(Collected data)
━━━━━━━━

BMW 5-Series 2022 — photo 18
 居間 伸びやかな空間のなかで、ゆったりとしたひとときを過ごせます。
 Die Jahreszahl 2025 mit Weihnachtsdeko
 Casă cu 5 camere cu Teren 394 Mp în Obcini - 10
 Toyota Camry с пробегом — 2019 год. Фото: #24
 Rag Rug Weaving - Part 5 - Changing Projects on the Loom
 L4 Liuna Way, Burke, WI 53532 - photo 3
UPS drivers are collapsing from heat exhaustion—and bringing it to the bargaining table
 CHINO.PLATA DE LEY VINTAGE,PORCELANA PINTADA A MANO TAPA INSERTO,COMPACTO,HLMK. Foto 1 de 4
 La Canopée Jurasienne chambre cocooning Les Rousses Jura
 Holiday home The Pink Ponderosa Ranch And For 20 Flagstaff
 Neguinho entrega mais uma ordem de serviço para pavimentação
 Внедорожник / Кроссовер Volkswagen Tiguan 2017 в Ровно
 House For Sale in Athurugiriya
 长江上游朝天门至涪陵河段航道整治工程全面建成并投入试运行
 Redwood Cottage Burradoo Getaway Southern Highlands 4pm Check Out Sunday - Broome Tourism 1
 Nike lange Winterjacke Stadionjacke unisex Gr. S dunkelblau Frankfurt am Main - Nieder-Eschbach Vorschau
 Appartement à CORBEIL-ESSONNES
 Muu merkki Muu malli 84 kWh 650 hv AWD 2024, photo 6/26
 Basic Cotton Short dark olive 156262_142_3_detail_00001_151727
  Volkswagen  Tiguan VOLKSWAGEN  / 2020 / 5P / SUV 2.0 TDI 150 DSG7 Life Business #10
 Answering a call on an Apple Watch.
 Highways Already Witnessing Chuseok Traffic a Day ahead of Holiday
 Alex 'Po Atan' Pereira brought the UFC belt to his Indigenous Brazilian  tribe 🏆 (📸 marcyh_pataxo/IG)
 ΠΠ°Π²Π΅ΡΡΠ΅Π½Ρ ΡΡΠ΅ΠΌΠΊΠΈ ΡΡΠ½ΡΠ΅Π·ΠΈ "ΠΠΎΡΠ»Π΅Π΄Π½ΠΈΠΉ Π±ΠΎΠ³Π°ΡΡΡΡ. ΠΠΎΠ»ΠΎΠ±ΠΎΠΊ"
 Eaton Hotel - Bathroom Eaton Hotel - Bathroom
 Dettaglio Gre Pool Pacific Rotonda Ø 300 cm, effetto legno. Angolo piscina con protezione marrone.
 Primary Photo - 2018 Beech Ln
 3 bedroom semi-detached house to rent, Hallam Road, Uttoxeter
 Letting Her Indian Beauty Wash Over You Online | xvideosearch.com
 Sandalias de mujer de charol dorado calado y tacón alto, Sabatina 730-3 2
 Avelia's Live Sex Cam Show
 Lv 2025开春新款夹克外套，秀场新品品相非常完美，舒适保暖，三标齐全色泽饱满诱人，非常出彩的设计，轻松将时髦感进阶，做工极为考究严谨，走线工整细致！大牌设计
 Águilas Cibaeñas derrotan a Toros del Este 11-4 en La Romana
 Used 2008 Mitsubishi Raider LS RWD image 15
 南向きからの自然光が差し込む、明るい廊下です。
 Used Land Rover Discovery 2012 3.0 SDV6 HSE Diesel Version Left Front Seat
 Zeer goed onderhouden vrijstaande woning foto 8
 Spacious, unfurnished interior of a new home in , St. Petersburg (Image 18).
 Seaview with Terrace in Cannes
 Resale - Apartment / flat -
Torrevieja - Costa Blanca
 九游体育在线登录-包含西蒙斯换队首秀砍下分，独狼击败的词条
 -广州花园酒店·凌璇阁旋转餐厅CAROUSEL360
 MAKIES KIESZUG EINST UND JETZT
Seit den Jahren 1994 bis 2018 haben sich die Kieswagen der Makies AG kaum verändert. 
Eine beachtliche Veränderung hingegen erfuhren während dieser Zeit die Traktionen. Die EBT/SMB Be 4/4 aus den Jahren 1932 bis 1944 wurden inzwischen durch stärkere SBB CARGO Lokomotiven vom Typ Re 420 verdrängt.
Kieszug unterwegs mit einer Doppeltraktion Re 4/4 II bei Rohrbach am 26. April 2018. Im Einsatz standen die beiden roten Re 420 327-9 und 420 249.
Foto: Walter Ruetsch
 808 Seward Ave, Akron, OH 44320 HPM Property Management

━━━━━━━━

* [Problem description]:
How many of the lines above contain "Volkswagen"? Give the number by itself.

* [Output for this task]:
2